Only the lines below between the ones containing "1959 Topps #423 Bob Grim EX++ ID: 69165" and "Boeing 757-200 shown unpainted", inclusive, are to be reproduced, each exactly as it stands.

■ Data shown:
+-------+

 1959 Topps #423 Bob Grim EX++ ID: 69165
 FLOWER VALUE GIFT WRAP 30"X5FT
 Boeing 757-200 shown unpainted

+-------+

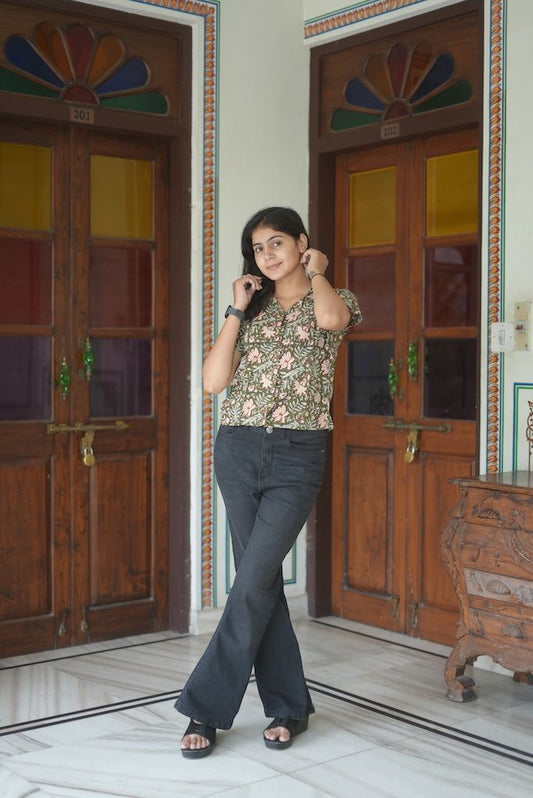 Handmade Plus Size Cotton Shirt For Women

+-------+

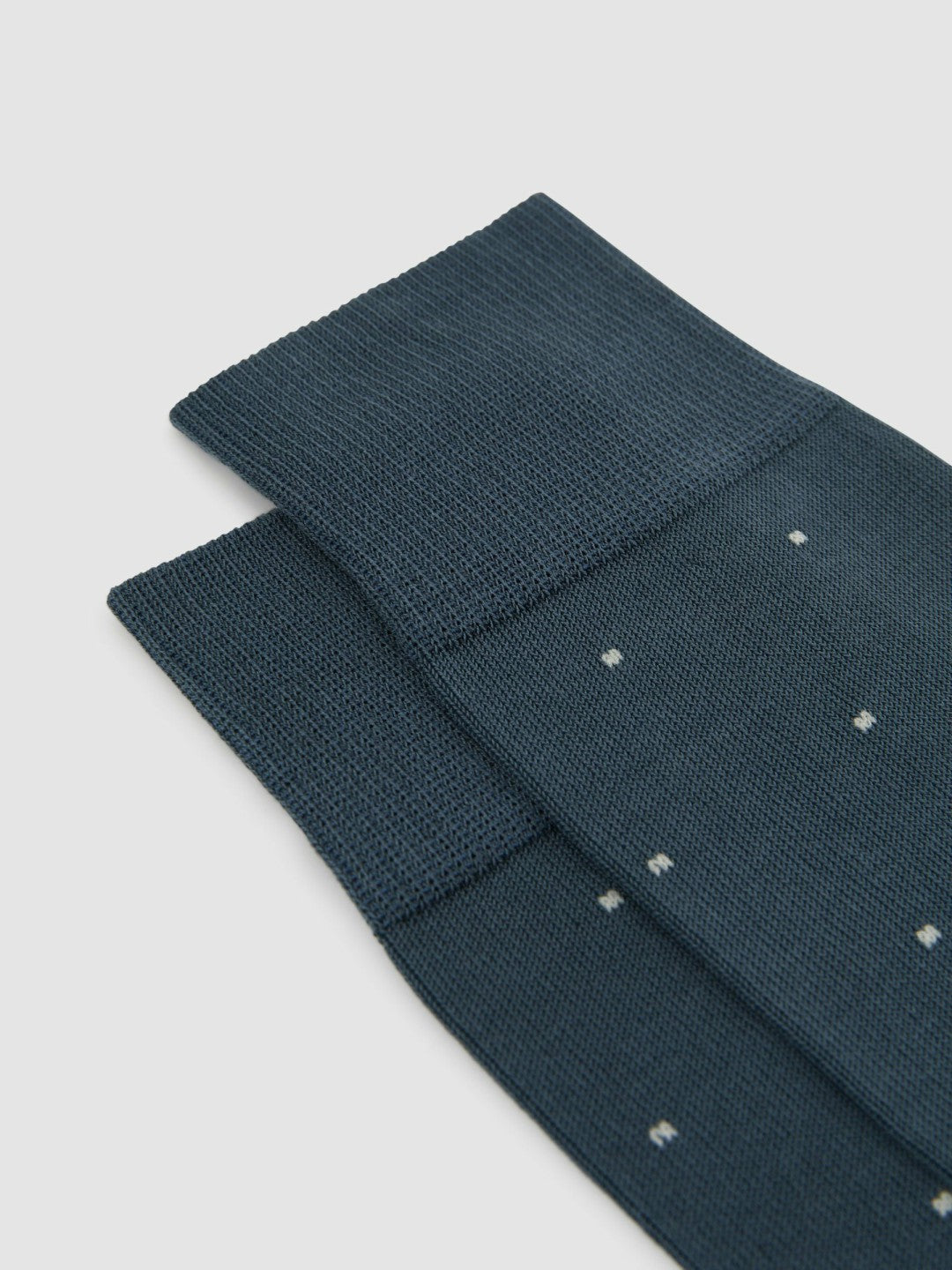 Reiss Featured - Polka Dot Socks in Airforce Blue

+-------+

■ Answer for this exercise:
 1959 Topps #423 Bob Grim EX++ ID: 69165
 FLOWER VALUE GIFT WRAP 30"X5FT
 Boeing 757-200 shown unpainted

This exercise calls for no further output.